Socialists must reject the conflation of criticism of Israel, anti-Zionism or support for BDS with antisemitism. Second, we must reject the argument that antisemitism somehow flows from a socialist critique of capitalism, from an analysis of an international ruling class or from anti-colonialism and anti-imperialism. Antisemitism is a reactionary ideology. It developed in its modern form as an ideological defence of capitalism, nationalism and militarism.
This ideology took institutional form in the shape of parties and movements that used antisemitism to mobilise, initially, middle class and small business support against socialist movements. In Tsarist Russia it was used to mobilise pogroms in response to the threat of revolution. It reached its ultimate expression in the Nazi Holocaust. At certain times antisemitism has affected some on the left. Working class movements and movements of the oppressed are not immune from antisemitism and reactionary ideas. However, in the collective nature of our experiences there exists a material basis for challenging and defeating these ideas.
This is not true for those who seek to continue to benefit from a system based on exploitation, racism, oppression and war. Subsequently, reactionary ideas prevail on the political right and it is here that antisemitism finds its “natural home”. This is vitally important for the left today to understand. As far right and fascist movements have grown so has their use of antisemitism as a tool to “explain” the crisis of the system.
Finally, Socialists need to understand Zionism as a political ideology, and its influence on both Jews and non-Jews. Zionism serves as an ideological defence of an apartheid, racist state. The state of Israel is a settler-colonial project, and peace and equality between Jews and Palestinians rests on a one-state solution and the right of Palestinians to return. However, the majority of Jews outside Israel accept its legitimacy. This is also true of the wider left, expressed by support for the socalled “two state solution” of a Jewish state alongside a Palestinian state. We need to be clear about why this is the case. Originally, Zionism emerged in response to the rise of modern antisemitism in the late 19th century. It was a small, minority movement widely opposed on the left at the time, as well as by liberal Jewry assimilated into Europe society.

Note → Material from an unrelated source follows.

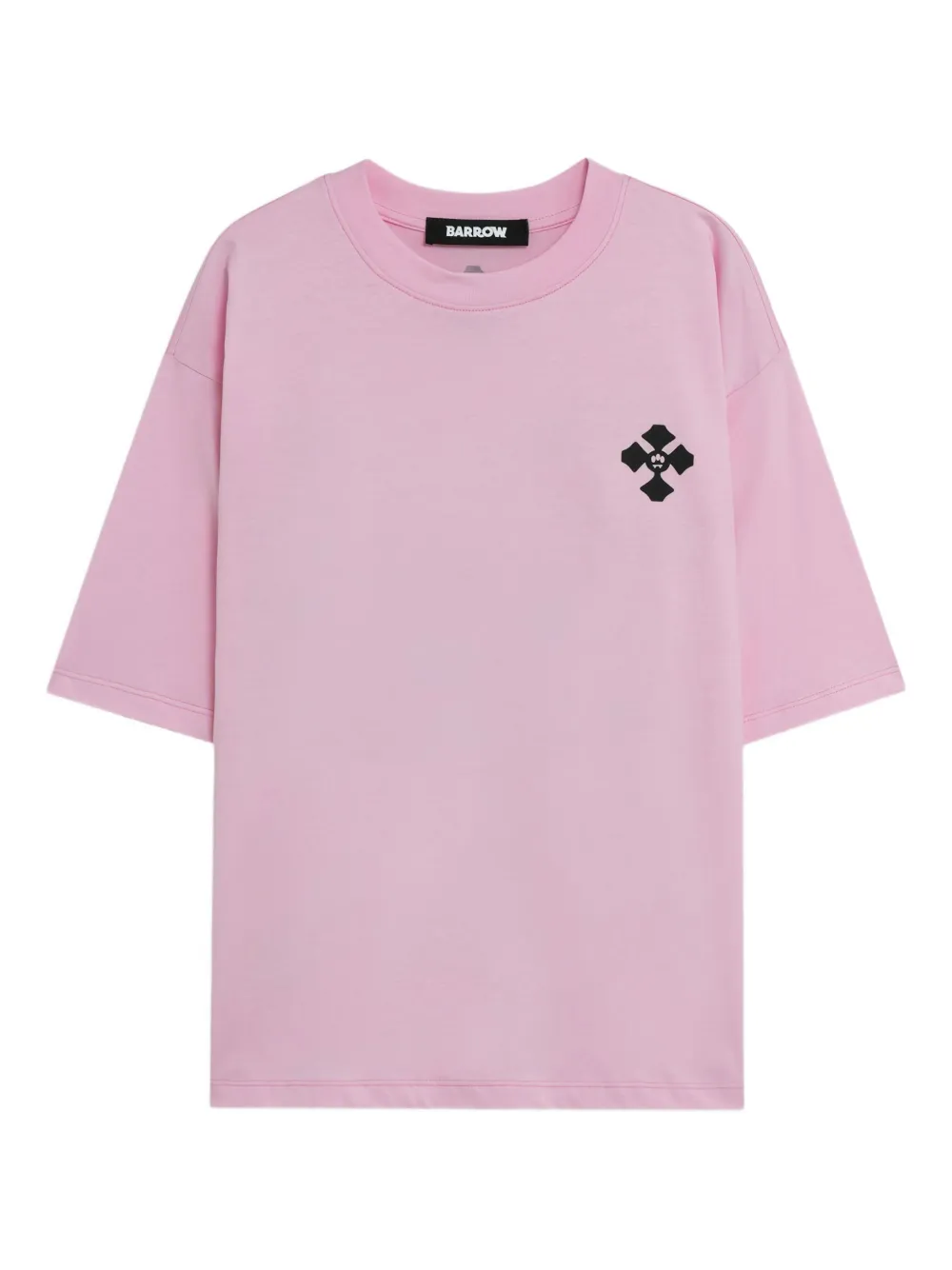 BARROW graphic-print T-shirt | Pink | Image 1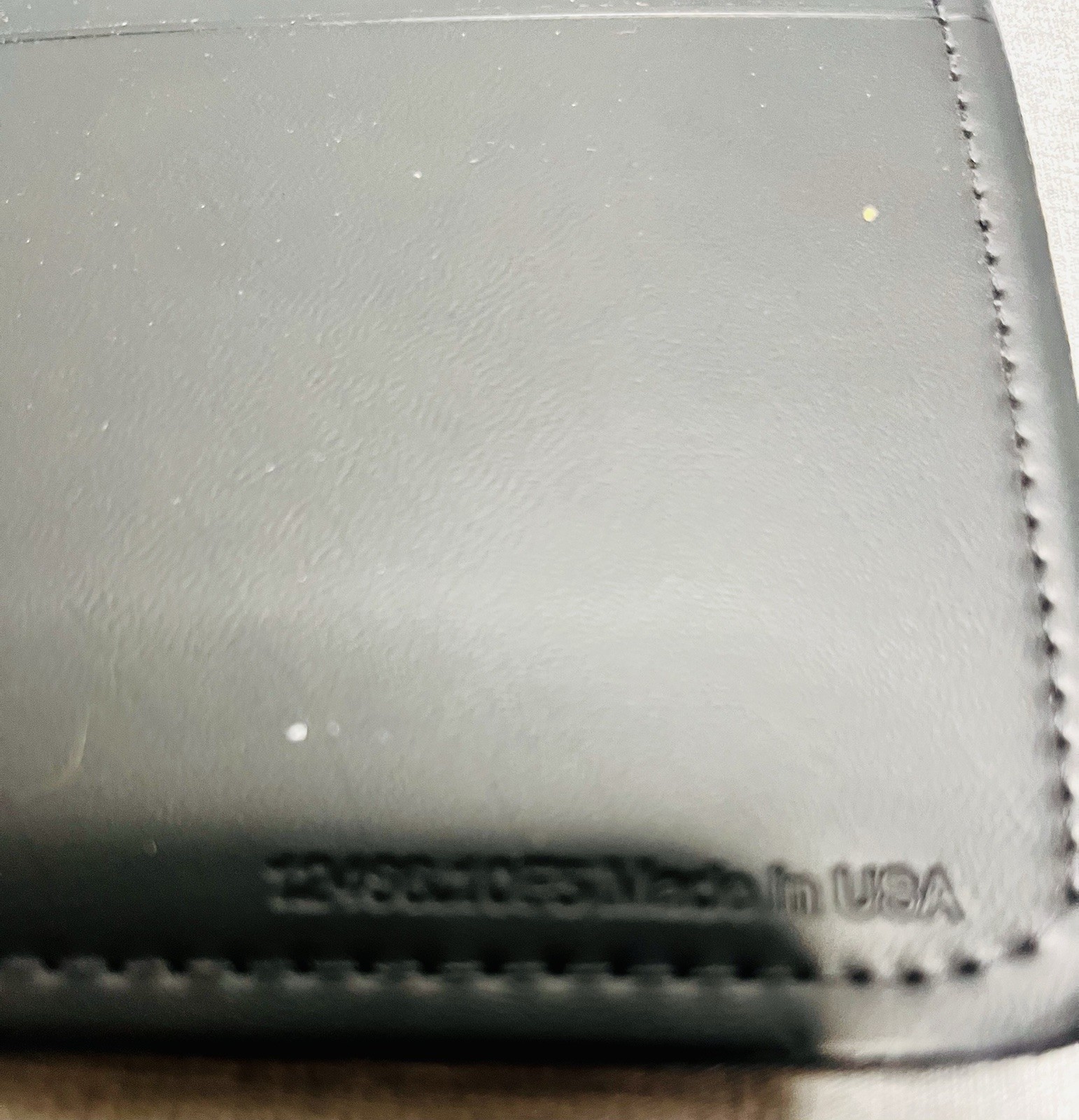 Franklin Covey Quest Classic Leather Open Binder Planner Black 7 Ring 1.5 x 11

The situation was completely transformed by the horrors of the Holocaust. Now, Zionists were able to project a Jewish state as sanctuary from antisemitism and genocide to a very wide political audience, including on the left. This historical experience of antisemitism and the Holocaust underpins the wide support of the state of Israel. Hence supporters range from those on the far right to anti-racist protestors who support BLM, believe in equality for Palestinians, and oppose the occupation of the West Bank and blockade of Gaza. All of this means socialists need a nuanced approach. Broad anti-racist movements will include Jews and non-Jews who understand the Jewish state as a legitimate response to antisemitism, as well as those who oppose Israel and Zionism.
The job of socialists is to stand on principle over Palestine whilst arguing that the true sanctuary from antisemitism is in the unity of all the oppressed in opposition to colonialism and imperialism. This is the task facing British socialists in the aftermath of attacks on Corbyn. The fact that right wing Zionists reference antisemitism and the Holocaust in defending Israel, and in their attacks on the left, must not lead socialists to falling into the trap of devaluing their significance as some have. Socialists need a broad-based defence of Palestinian freedom, grounded in an anti-racist, antiimperialist politics which understands the historical legacy of antisemitism, located in the struggles before us.